Recently, we observed that the chemical form of alumina might affect Tc/Re retention – the Re retention in AP-107 LAW glass was lower than in a compositionally similar AN-105 LAW glass, the difference being that AP-107 LAW melter feed contained kyanite (Al2SiO5) whereas AN-105 LAW feed contained mostly gibbsite (Al(OH)3) with a low fraction of kyanite. To investigate this effect, we measured the Re retention in a series of AP-105 and AN-102 LAW melter feeds with different alumina sources – nominal feeds with kyanite, feeds in which 50 % of kyanite substituted with gibbsite, and feeds with kyanite fully replaced with gibbsite. All feeds were spiked with Re2O7 solution corresponding to 300 ppm Re in glass. Approximately 50 g of dry powder feed was heated in glazed porcelain crucibles at 10 K min−1 under air atmosphere from room temperature to 1150 °C. After quenching, the samples were ground and crushed to below 100 um grain size.

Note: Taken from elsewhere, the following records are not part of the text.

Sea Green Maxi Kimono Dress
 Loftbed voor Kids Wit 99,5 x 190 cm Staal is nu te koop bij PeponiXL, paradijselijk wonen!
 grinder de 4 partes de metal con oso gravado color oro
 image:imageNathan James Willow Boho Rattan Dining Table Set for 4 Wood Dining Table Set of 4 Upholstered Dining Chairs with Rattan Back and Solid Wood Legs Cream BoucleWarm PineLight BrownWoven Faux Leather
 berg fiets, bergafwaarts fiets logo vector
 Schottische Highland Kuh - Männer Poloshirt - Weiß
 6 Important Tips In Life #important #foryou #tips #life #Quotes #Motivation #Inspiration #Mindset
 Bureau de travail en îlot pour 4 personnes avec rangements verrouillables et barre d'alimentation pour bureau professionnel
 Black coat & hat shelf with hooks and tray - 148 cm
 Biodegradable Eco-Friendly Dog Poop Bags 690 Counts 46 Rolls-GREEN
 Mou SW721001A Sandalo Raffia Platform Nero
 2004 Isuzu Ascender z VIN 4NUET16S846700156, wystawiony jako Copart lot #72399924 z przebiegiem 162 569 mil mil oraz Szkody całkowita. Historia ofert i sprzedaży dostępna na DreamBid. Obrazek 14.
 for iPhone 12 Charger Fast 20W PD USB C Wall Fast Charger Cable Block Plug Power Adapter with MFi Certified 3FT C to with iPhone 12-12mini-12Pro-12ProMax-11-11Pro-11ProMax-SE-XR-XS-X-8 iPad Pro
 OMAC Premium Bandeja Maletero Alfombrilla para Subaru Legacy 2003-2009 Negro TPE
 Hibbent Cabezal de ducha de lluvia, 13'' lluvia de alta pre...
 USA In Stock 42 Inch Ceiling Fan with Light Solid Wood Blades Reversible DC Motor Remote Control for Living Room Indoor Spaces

In both AP-105 and AN-102 feeds, the Re retention increased significantly when gibbsite replaced kyanite. On heating, Al(OH)3 produces amorphous alumina with a high specific surface area. We reason that adsorption of sulfate-perrhenate melt on amorphous alumina increased its contact area with the glass-forming phase and the high contact area then enhanced the rate of sulfate-perrhenate dissolution in the glass-forming melt, reducing the rate of sulfate-perrhenate segregation and volatilization.
Because the differences in the chemical and/or mineralogical alumina sources also affect the feed-to-glass conversion process, we used the feed expansion test to visually observe the effect of the Al-source on high-temperature foaming. We observed that Al(OH)3 promotes foaming. This is because gibbsite is an early dissolving Al-sources, which increases the glass-forming melt viscosity at a lower temperature than kyanite, a late dissolving Al-source. This keeps the glass-forming melt viscosity low up to a high temperature. A high viscosity leads to extended foaming, a low viscosity leads to a faster foam collapse.